▶ **WHAT THE EXERCISE ASKS**: Reproduce the entries that follow exactly, dropping each image.

▶ **MATERIAL FOR THIS TASK**:

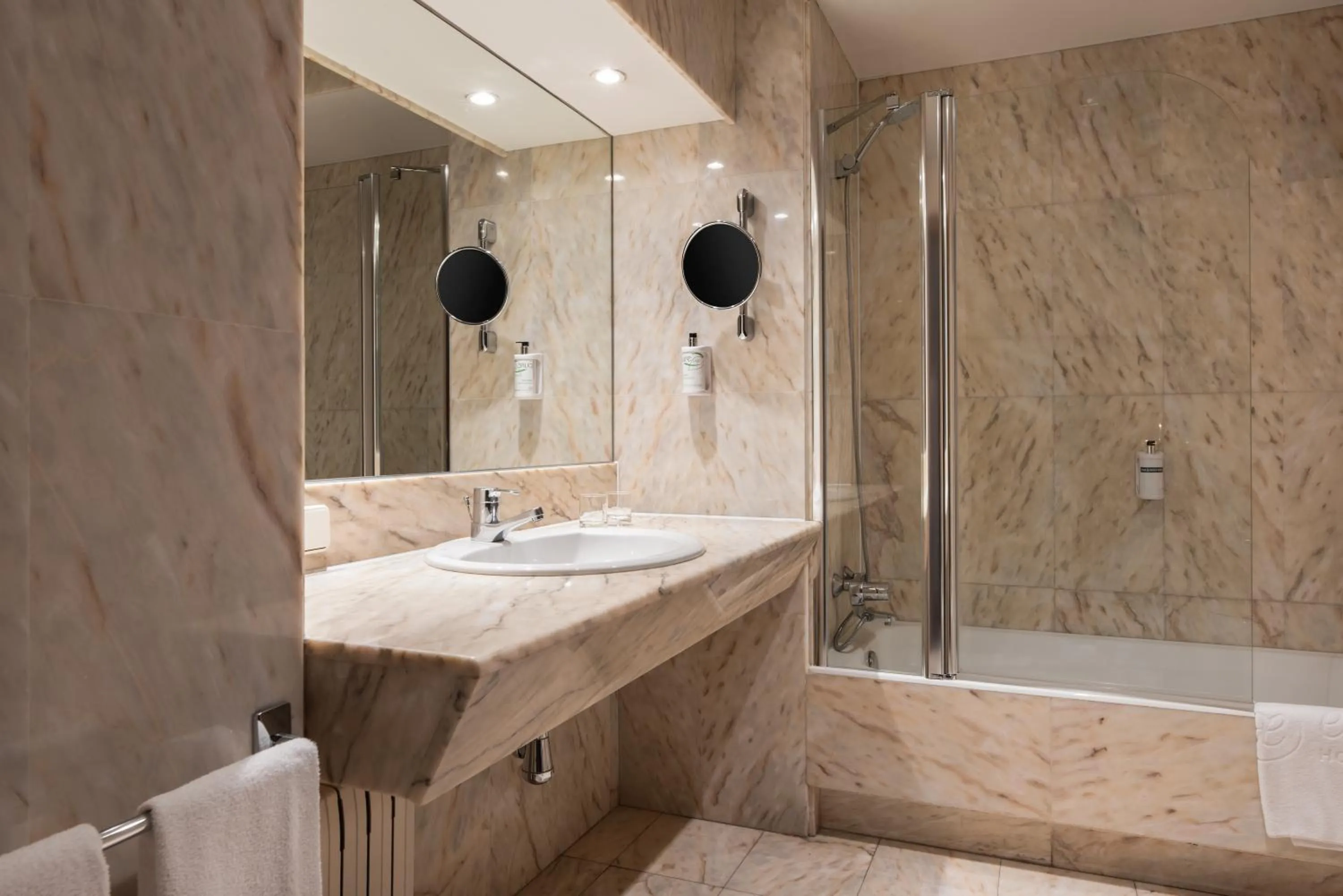 Bathroom in Exe Salamanca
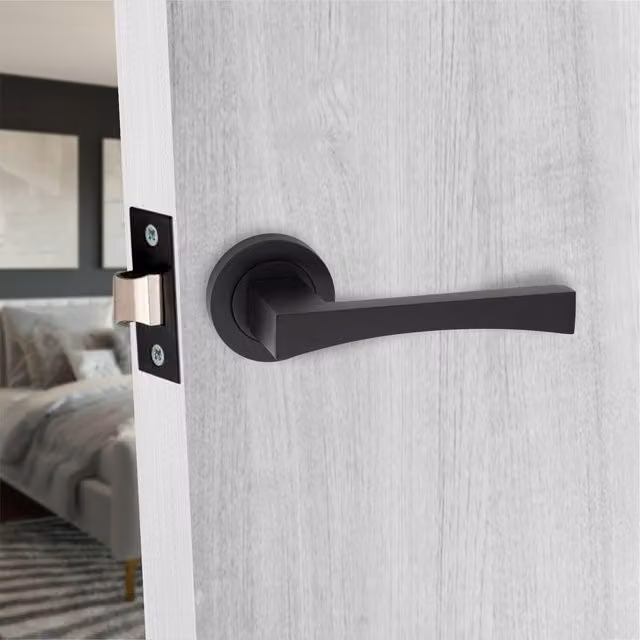 Golden Grace Wave Latch Internal Door Handle Set with Round Rose, Matt Black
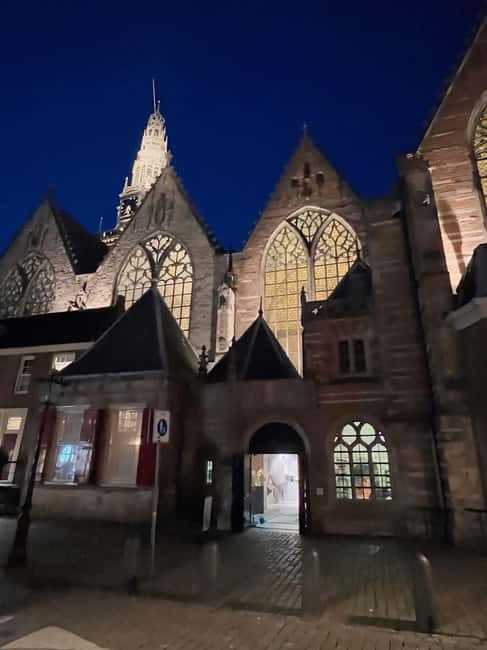 Amsterdam: Red Light District Tour in German/English for groups of 4 or more - Value and Flexibility: Reserve and Pay Later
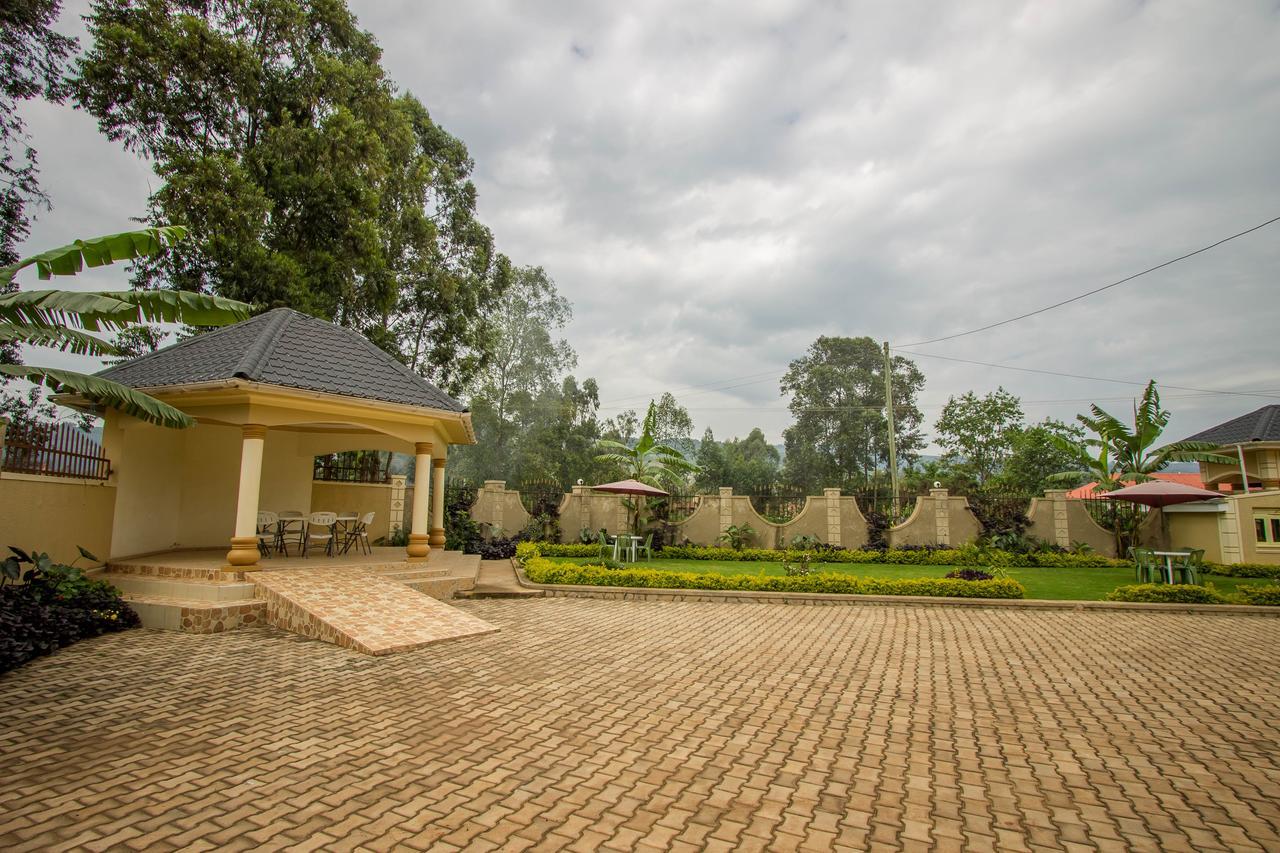 Heras Country Resort Kabale Bagian luar foto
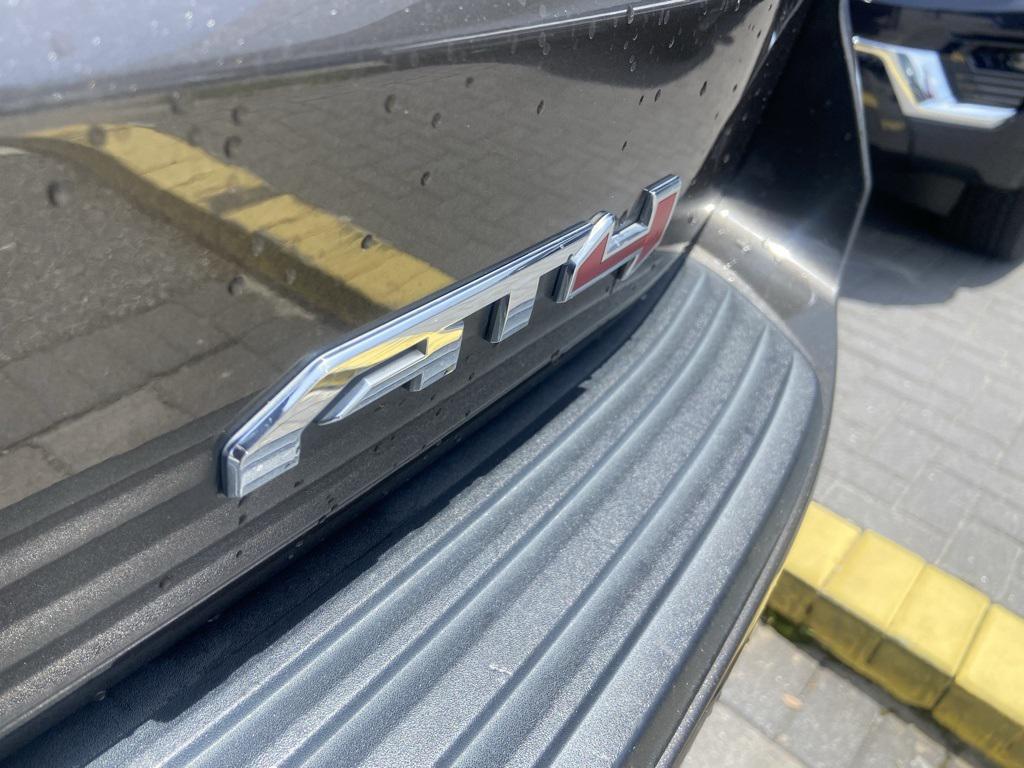 used 2021 GMC Yukon car, priced at $45,500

▶ **THE COMPLETED TASK**:
 Bathroom in Exe Salamanca
 Golden Grace Wave Latch Internal Door Handle Set with Round Rose, Matt Black
 Amsterdam: Red Light District Tour in German/English for groups of 4 or more - Value and Flexibility: Reserve and Pay Later
 Heras Country Resort Kabale Bagian luar foto
 used 2021 GMC Yukon car, priced at $45,500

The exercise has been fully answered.